Magnolia parents are petitioning against a ban on manga and the termination of the anime club. (Photo from 'Spirited Away')

Ban of anime club, manga draws ire from Magnolia Middle parents

Jarek RutzHeadlines, Education

Magnolia parents are petitioning against a ban on manga and the termination of the anime club. (Photo from 'Spirited Away')

Magnolia parents are petitioning against a ban on manga and the termination of the anime club. (Photo from ‘Spirited Away’)

Many in the Magnolia Middle School community are upset about a recent ban on manga and the termination of the anime club.

A petition with nearly 2,000 signatures is circulating, asking the school, which is part of the Caesar Rodney School District, to reinstate the club and allow manga books.

Manga are comics or graphic novels originating from Japan, and anime is a style of Japanese film and television animation that dates back to the early 1900s. 

Both boomed in the 1990s in the United States, have become part of the Comic.Con and Cosplay cultures and continue to be popular with today’s students, Generation Y and Generation Z. 

Among the most popular anime movies are animated films by Hayao Miyazaki such as “Spirited Away” and “Howl’s Moving Castle” that were hailed by Disney and Pixar for their stories and beauty.

Although the petition is circulating, Mike Williams, district community relations specialist, said the district is still in the process of making a final decision, which should be made next week.

“The district is in the process of reviewing policies, looking over curriculum materials, and the after school activities and things like that, and we still have maybe a week or 10 days to get through all that,” he said. “We’re going to look at each of the publications or books that are in this library and see which ones meet and which ones don’t meet the standard for age-appropriate material.”

He said the club wasn’t technically terminated by the district, but the club sponsor, Gretchen Fox, a teacher at Magnolia, decided to end the club on her own.

“The manga books are not banned, either, but what has been brought to the attention of the school is that some of the materials might not be age appropriate,” he said. “So the principal decided to he’s going to use a criteria and say age appropriate is this, and age non appropriate is that.”

According to Williams, Fox then said she didn’t have anything that she can use for her club because everything fell into the non-approved area, which is why the club was suspended.

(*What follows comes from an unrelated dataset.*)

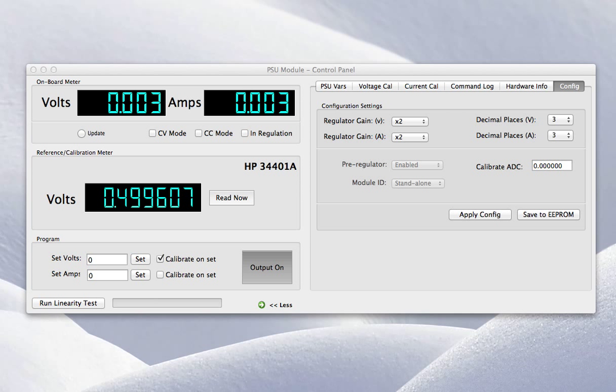To help develop the power supply, I've written some software that gives me a simple control panel. It's in many ways emulating what you'd see on the front of a typical power supply. Up the top here, I've got the volts and amps meter readings.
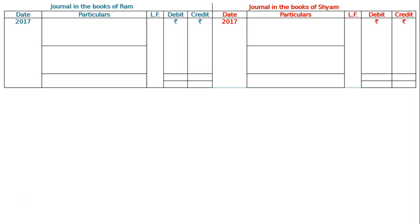The question is: Ram draws a bill for Rs. 2000 on Sam on 15th September 2017 for 3 months. On maturity, Sam failed to honor the bill. Pass the necessary journal entries in the books of Ram and Sam.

Williams added that through the evaluation the district is conducting, some manga books might not be appropriate for the middle school, but are appropriate for the high school, so he pushed back on the term “banned.”

“Middle School is sixth, seventh and eighth, so if an eighth grader is looking at it, it has to also be okay for a sixth grader to look at,” he said, “and those are the conditions that we’re working through.”

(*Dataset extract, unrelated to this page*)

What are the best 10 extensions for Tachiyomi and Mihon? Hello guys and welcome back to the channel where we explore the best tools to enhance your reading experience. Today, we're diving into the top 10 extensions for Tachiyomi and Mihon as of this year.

According to the petition, the school principal Matthew Keen had said that because of the age of students the school serves, he was only comfortable with non-curriculum material being in the building if it was rated E or Y.

A rating of E or Y means the material is meant for children, or can be suitable for all ages because it does not have “inappropriate” content, like crude humor or language, violence,  profanity, drug and alcohol use, nudity or sex, for example.

As with any form of media, a lot of manga and anime easily fits into the E or Y category. A lot doesn’t.

“The Anime Club at Magnolia Middle School has been an invaluable platform for students to come together and share their love for anime films,” the petition states.

It also says both platforms allow children to have the opportunity to engage in meaningful discussions about various themes depicted in the films while developing critical thinking skills.

The petition points out that children deserve access to diverse forms of literature, and manga and anime are visually unique mediums of storytelling that promote literacy and cultural exploration.

Several commenters on the petition say that their child has shown more of an interest in reading since Fox assembled her manga collection. 

Part of the reason she was able to add the manga books, in addition to student demand, is a $1,000 donation by Hertrich’s family of automobile dealerships in Milford.

RELATED: School test scores dismal again despite new math, reading plans

Some commenters even cited the state’s poor reading scores, saying the books help kids want to read and that will help school literacy rates and test scores.

Just 40.76% of Delaware students are on grade-level in English language arts.